And that may involve firm transport requirements; it may ultimately involve a winter peaking season, where there's an examination of whether sufficient gas can be provided to cover all the megawatts that are bid in the auction. But those are the discussions that are occurring. We think that will put upward pressure in the capacity market, and allow nuclear units to benefit from the firm fuel they have and the reliability they provide in the system.
Hugh Wynne - Analyst
Great. So you are basically hoping that the requirement for firm fuel supply and transmission on the gas plants will drive capacity prices higher and you will benefit accordingly? Is that fair?
Joe Dominguez - SVP of Federal Regulatory Affairs, Public Policy and Communications
Yes, but I don't want to be limited to that. I think what we need to figure out for the abilities on the system is whether the gas units can perform fully during peak season. And now we are going to see a peak in the winter, and that's really what comes out of this. And I think the ISOs are going to examine a number of tasks. Requiring firm transport is one of them, but the other way to do it is to just whittle down the number of megawatts that are participating in the capacity auction. Either way, we will see some uplift in the current capacity market as a result of those efforts.
Hugh Wynne - Analyst
Got it. Okay, thank you very much.
Joe Dominguez - SVP of Federal Regulatory Affairs, Public Policy and Communications
Sure.
Operator
Michael Weinstein, UBS.
Michael Weinstein - Analyst
On that same topic, could you talk about the PJM parameters that were released? And what do you think about capacity imports into PJM and how that might be changing?

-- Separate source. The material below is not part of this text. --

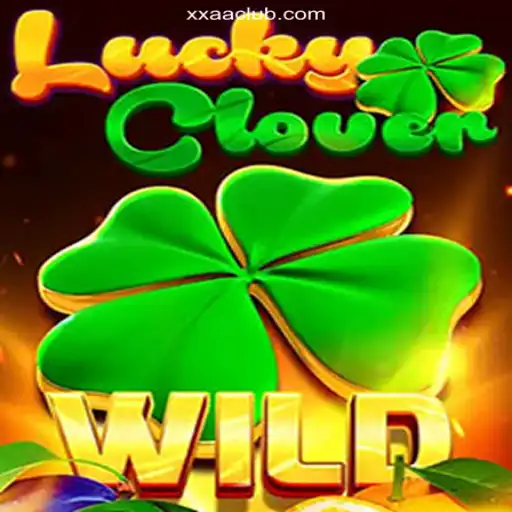 LuckyClover: Exploring the Features and Rules of Brazil's Premier Online Casino Game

Chris Crane - President and CEO
Joe --?
Joe Dominguez - SVP of Federal Regulatory Affairs, Public Policy and Communications
Well, I think the most significant on a ruling was limiting the sub-annual DR. And so we see the effect of that already. That was approved by FERC. FERC has not approved PJM's request on the import limits as yet. As you know, they issued a deficiency letter. Our review of the deficiency letter suggests that they could answer the questions relatively quickly, refile, and be in time for a decision by FERC in advance of the auction.
In terms of the planning parameters, I think they would modestly reduce the number of imports, the number of megawatts of imported generation in this next capacity auction. That's my read, based on what I've seen so far.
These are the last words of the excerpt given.